Nsyght gave up the ghost this weekend and with it went some very, very cool features. In the end, this little Twitter and Facebook message-parsing service just couldn't do what it set out to do, and so it has closed up shop.I'd like to ask for a moment of silence to mark the passing of a Web application that had eyes bigger than its stomach. An ambitious little startup called
By some standards, Twitter publishes a whole lot of data, about 1,000 messages per second. Nsyght allowed you to do remarkable things with that river of data: search inside Twitter lists, retrieve your own long-lost messages or filter messages from your friends by media type. Below are three of the ways I used Nsyght every day in my news gathering routine. Maybe someday, someone, somewhere will be able to bite off this many Tweets and return these kinds of dream-features to the world.
What Was That Link I Tweeted?
One of the features that Nsyght offered was the ability to retrieve your own tweets from way back, months back in the archive, by keyword search. There are very few other ways to do this. Twitter itself won't let you search your own or other peoples' archives back very far at all because of the database challenges.
Nsyght was my go-to place to do that, and I already miss it. What does it mean that we're all creating so much data, but so much of it becomes inaccessible even to ourselves just weeks after it's published?
Hunting for Photos
I kept Nsyght open in a browser tab every day while I worked and kept it set to filter all my incoming Twitter and Facebook messages by media type. Specifically, I watched a feed of all the photos my contacts were sharing. This helped me unearth some great tech industry news photos that got turned into short, interesting little blog posts.
I sure miss that feature. The hard part isn't filtering for media type, of course, that probably just requires a good white-list of media-sharing domains to watch for links to. The hard part is eating the Tweets without choking, or missing too many of them.
What do the Experts Say?
I've got a news writing workflow that involves pushing this button, pulling that lever, pinging those robots, etc. It's worked out very well to help me learn quickly about the things I write about, without living in the Silicon Valley myself. These systems are a great democratizer of knowledge.
One of my favorite new ones was Nysght's search inside a Twitter list feature. You could start following a brand new Twitter list with your Twitter account, and Nsyght would take just a few minutes to ping the Twitter API again and again and build an archive of hundreds of the back-logged Tweets the people on that list had posted prior to your discovering it. You could then search those Tweets by keyword!
So part of my routine had been to jump over to Tlists or Listorious as soon as I figured out the subject of my next article. I would find an expert-curated list of specialists in any relevant fields and I'd follow those lists on Twitter.
Then I'd go and do other research using other tools (like the telephone, or custom search engines) while Nsyght built an archive of that new list I just started following in the background. After a few minutes, I could jump over to Nsyght and quickly filter through the recent history of that list to see what those topical experts had been saying on Twitter about the subject of my article.
There are a number of services online today that try to make it easy to use Twitter's public replies to ask questions of particular topical experts, but sometimes it works a lot better to be able to filter for keywords in their existing public conversations among themselves.
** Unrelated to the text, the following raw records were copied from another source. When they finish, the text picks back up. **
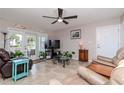 The living room features tile floors, a ceiling fan, and views of the outdoor patio at 5231 Beach Se Dr # A, St Petersburg, FL 33705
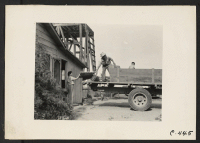 [recto] Woodland, Calif.--Preparations are being made to evacuate this farm on the following morning. The neighbor has come with his truck to assist his friends of Japanese ancestry inasmuch as the father has been interned in South Dakota. ;  Photographer: Lang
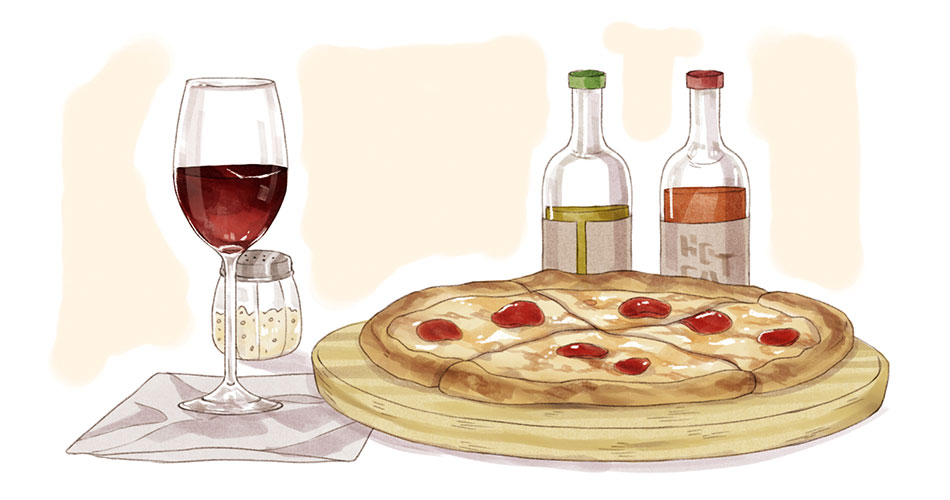 glass of merlot wine for beginners with personal pizza dish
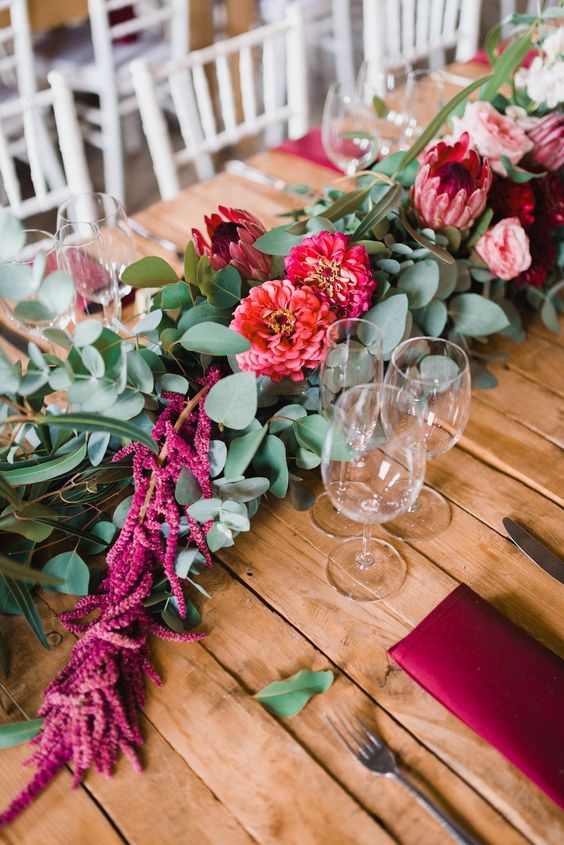 a chic wedding table runner of greenery, pink roses and mumes, amaranthus, king proteas instead of a centerpiece
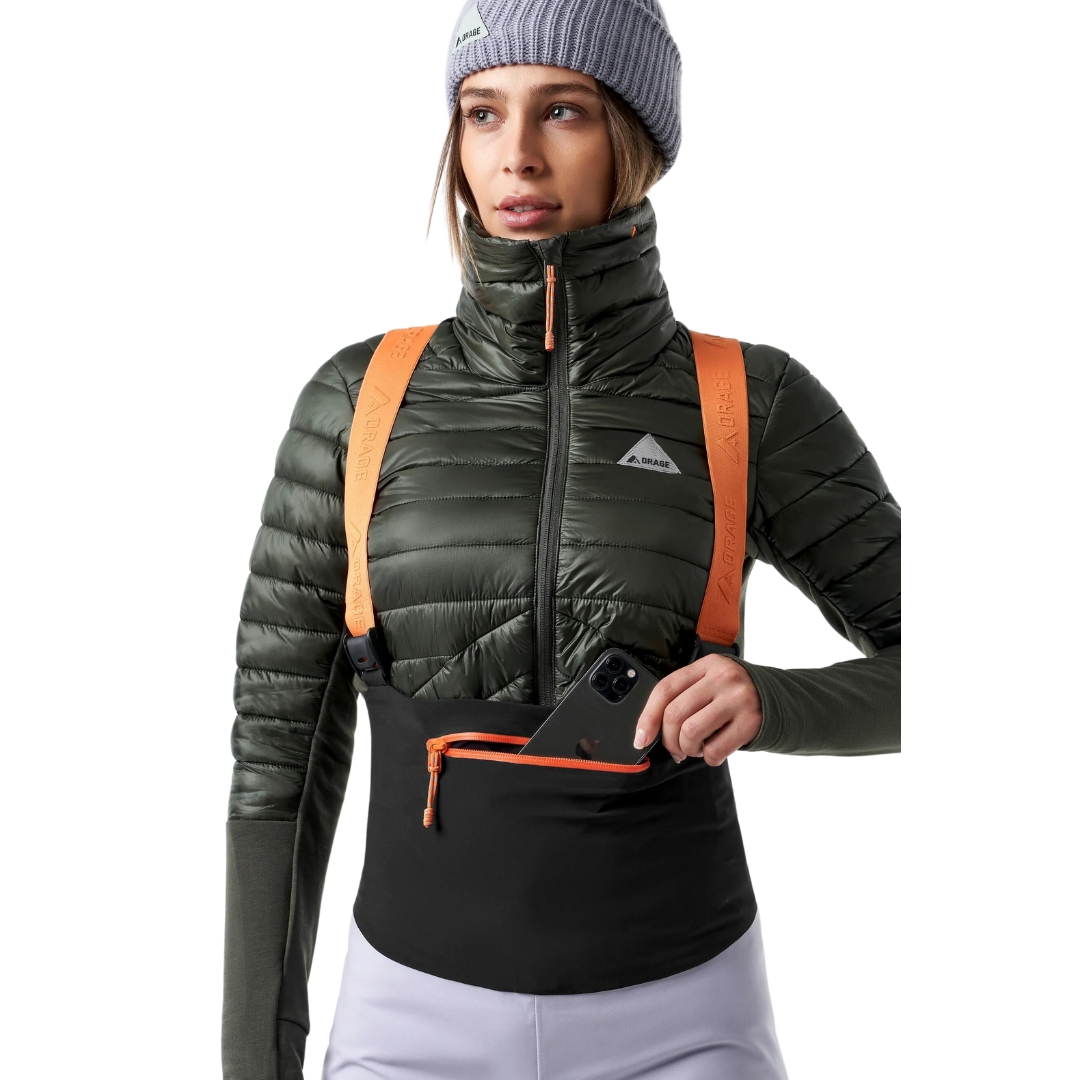 SALOPETTE COQUILLE DE SKI ALPIN ORAGE MTN-X CLIFF POUR FEMME porté par une femme qui montre la poche à fermeture éclair à l'avant de la salopette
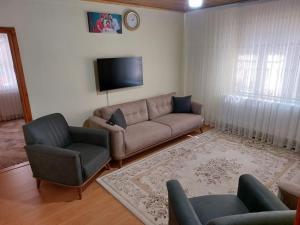 - un salon avec un canapé et une télévision dans l'établissement in the village, with a garden, one floor, detached, à Silivri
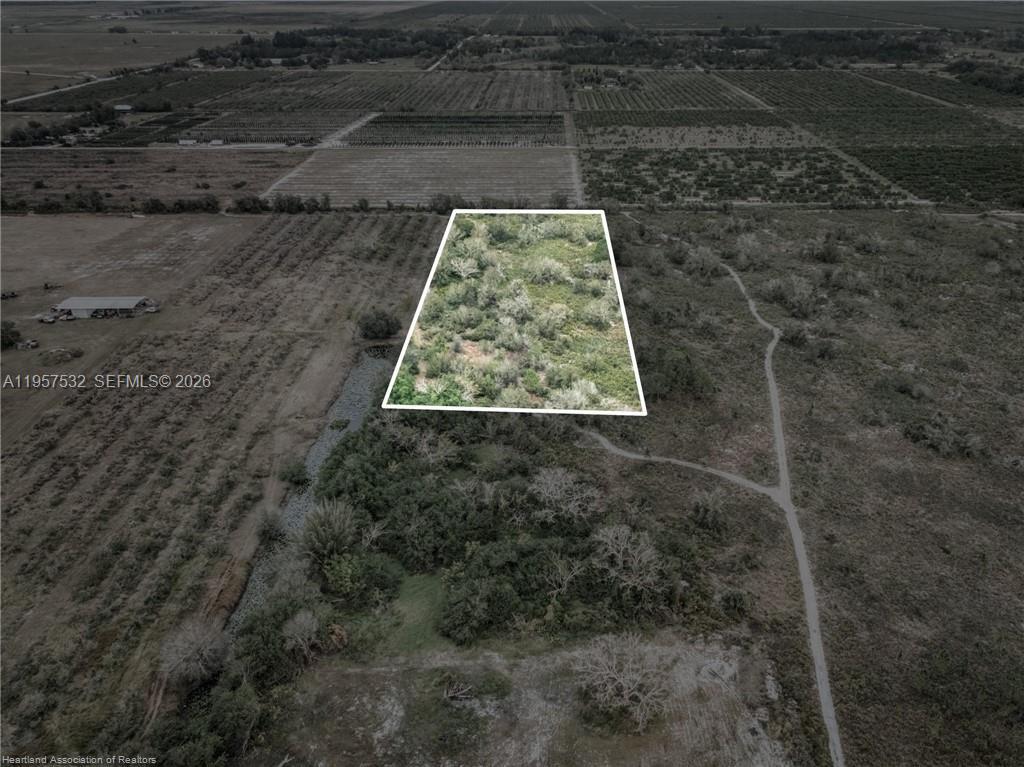 An aerial view shows a rectangular plot of land outlined in white amidst rural vegetation — 701 Jolly Lane, Lorida FL 33857, LORIDA, FL
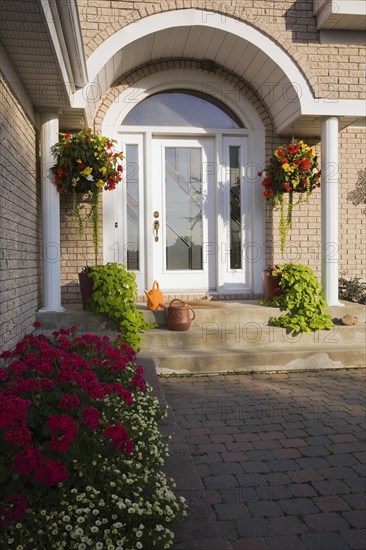 Front entrance door on tan brick with white trim portico and raised border with red Pelargonium, Geranium flowers in summer, Quebec, Canada, North America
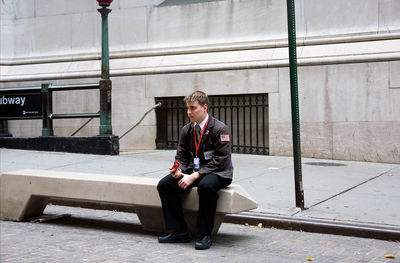 Full length of young man using mobile phone while sitting outdoors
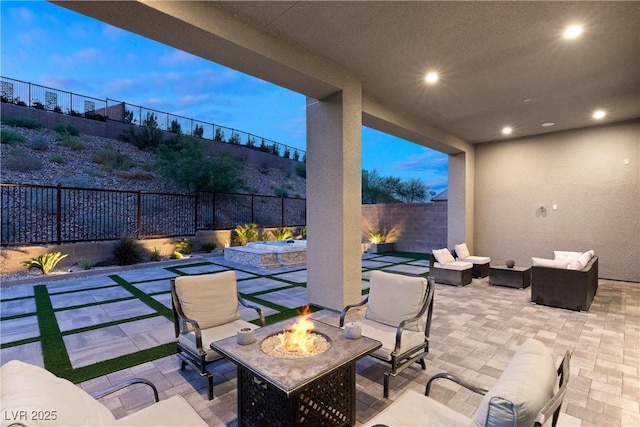 patio terrace at dusk with an outdoor living space with a fire pit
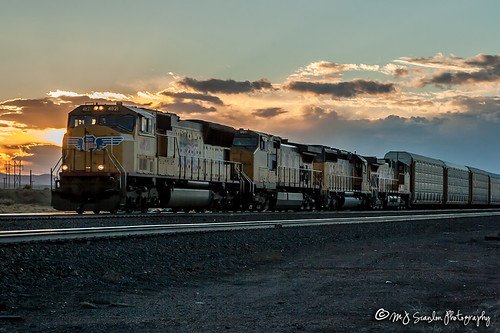UP 4821 | EMD SD70M | UP Laramie Subdivision by M.J. Scanlon, As the sun sets over central Wyoming, a UP auto train (ABAWG) passes eastbound through the little to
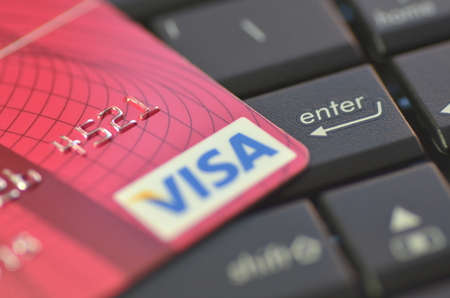 Closeup of VISA credit card on laptop keyboard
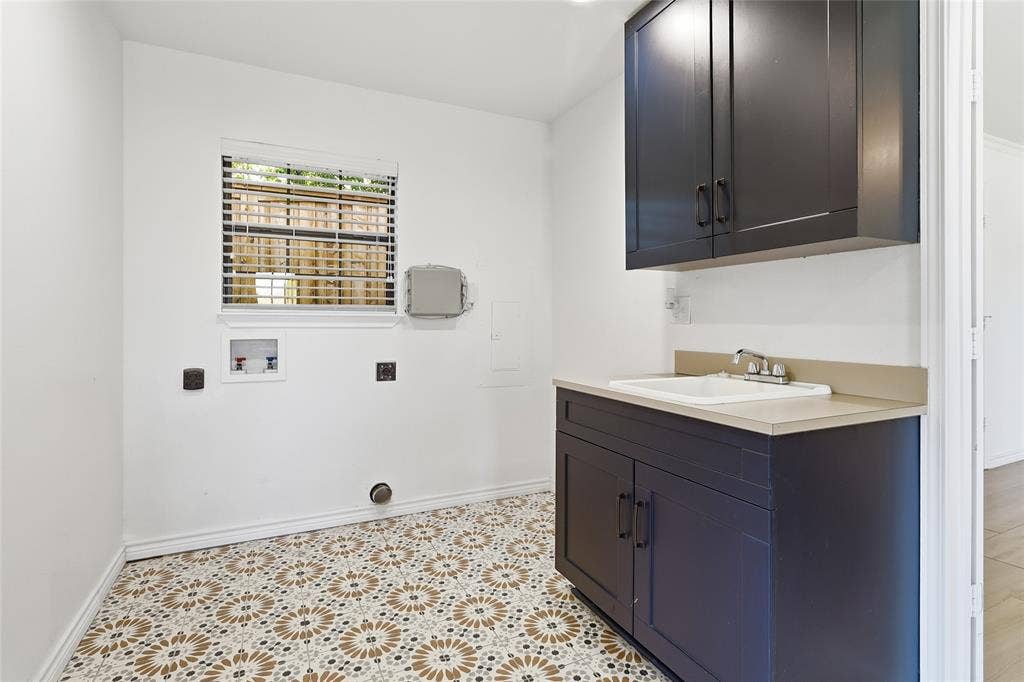 2808 Fountain Head Drive, Plano, TX 75023 Laundry area with patterned tile flooring, a window with blinds, dark cabinetry, and a utility sink with a quartz countertop
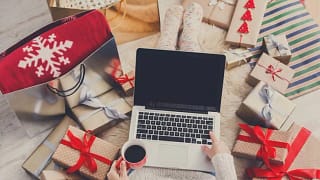 woman with laptop and holiday gifts.width .jpg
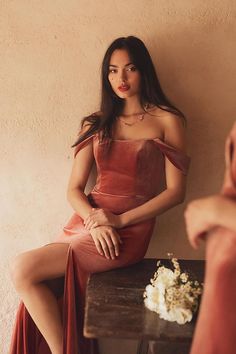 a woman in a red dress sitting on a wooden table next to a vase with flowers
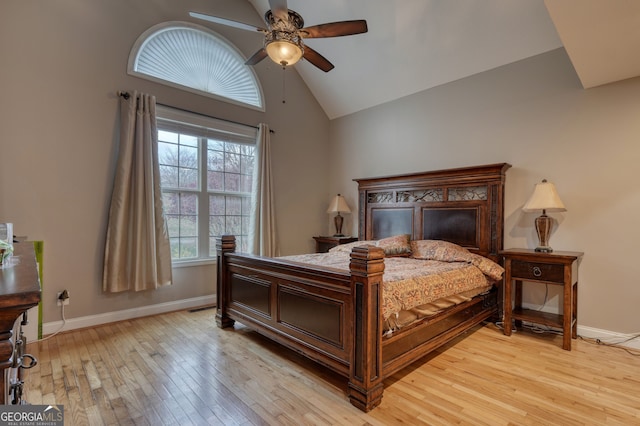 bedroom featuring high vaulted ceiling, ceiling fan, light hardwood / wood-style flooring, and multiple windows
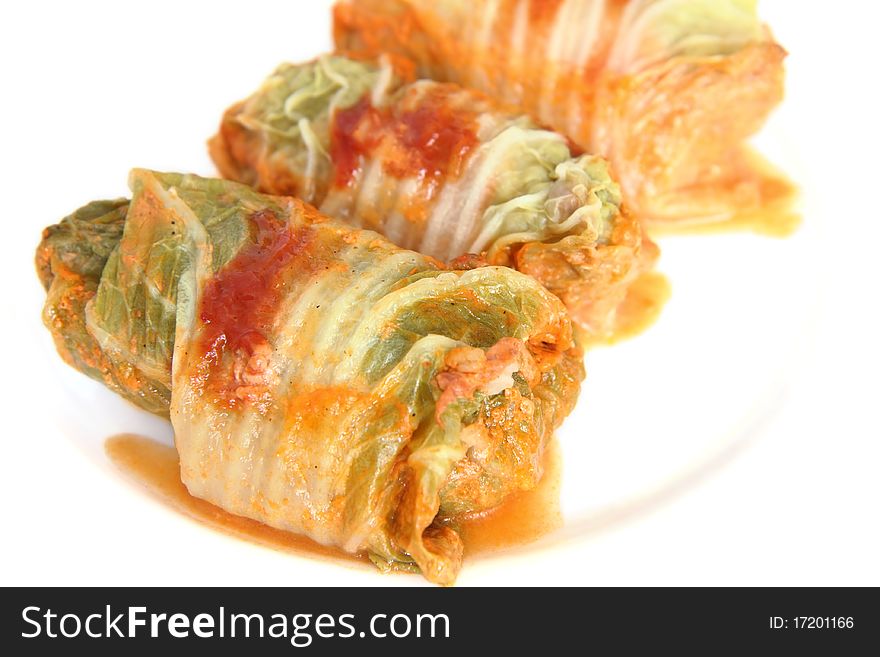 Three stuffed cabbage with spicy tomato sauce on a white plate. Three stuffed cabbage with spicy tomato sauce on a white plate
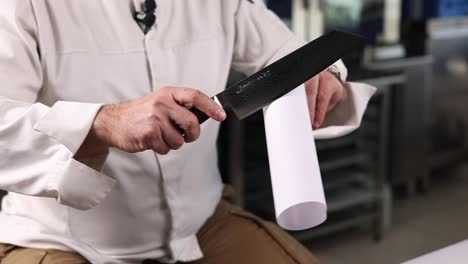 chef demonstrating knife skills on paper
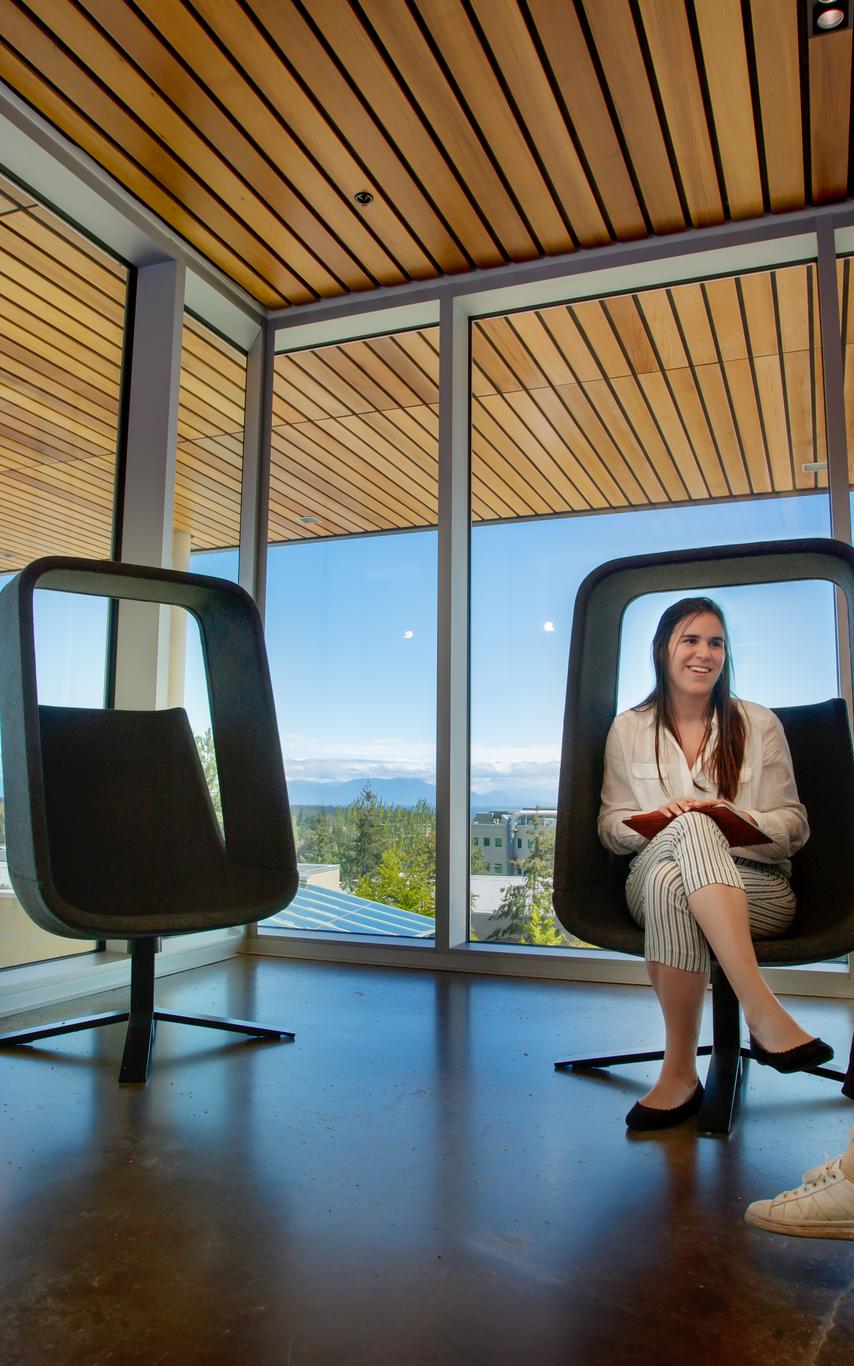 two students in grey rectangular chairs with big windows and wood slat ceiling.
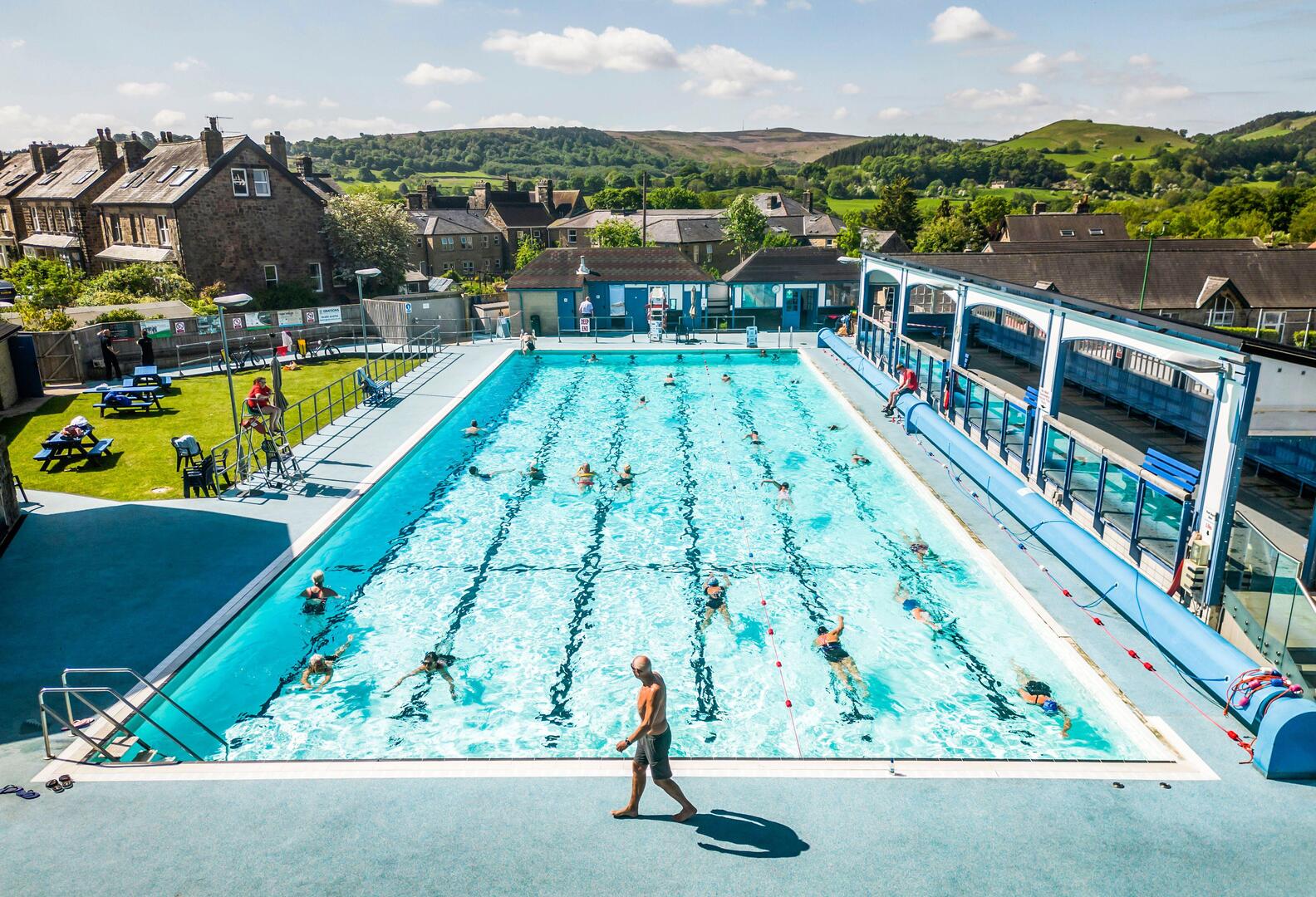 People swimming at an outdoor pool.
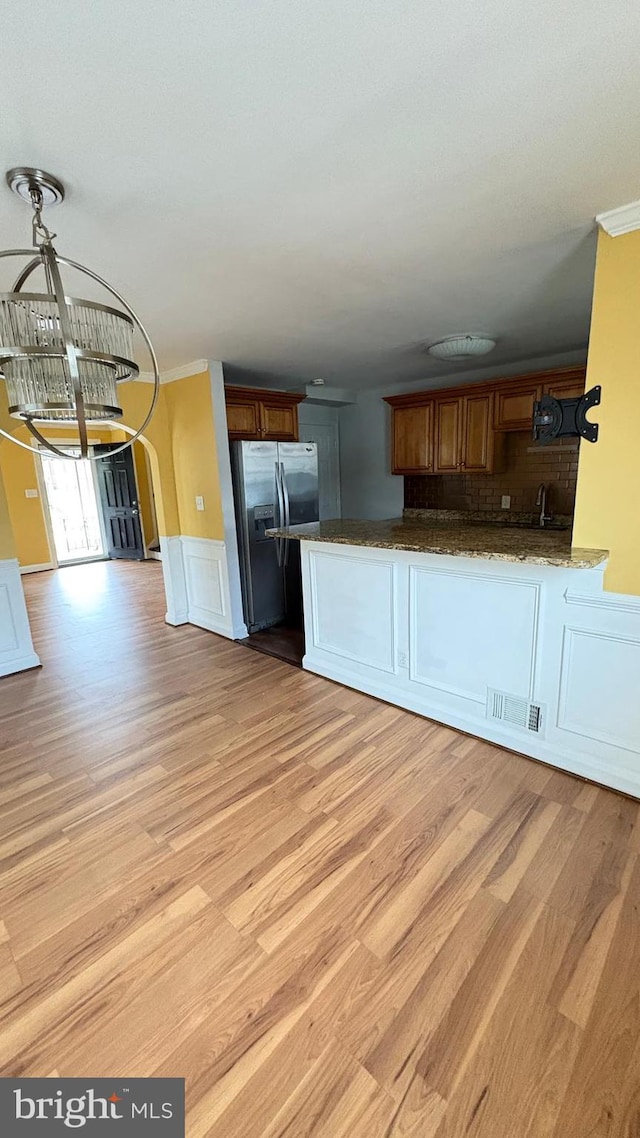 5716 Willowton Ave, Baltimore, MD 21239 - kitchen with visible vents, stainless steel refrigerator with ice dispenser, a chandelier, and light wood-style floors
It was great! But now it's gone.
Nsyght, when it worked, was an incredible tool for harvesting knowledge from my existing community of curated contacts and their publishing streams. Hopefully, someday, someone, somewhere, will build something that can handle this much data and provide a fast, simple interface to fill needs like the above.
Unfortunately, it looks like that's not going to be Nsyght. As founder Geoffrey McCaleb wrote in his goodbye post this weekend, after the site had been down for the past three weeks:
"Ultimately, the site was working in an offline capacity, and still working as good as it was the day we went offline. The problem? It just wasn't good enough. It wasn't stable, but more disturbingly it frequently had 'gaps' so sometimes users would miss posts from their friends - which is really the whole point of the service. As much as I wanted to restore the service, there's no room for 'sorta' good. You either have a really cool service that truly innovates/changes the game, or you go home.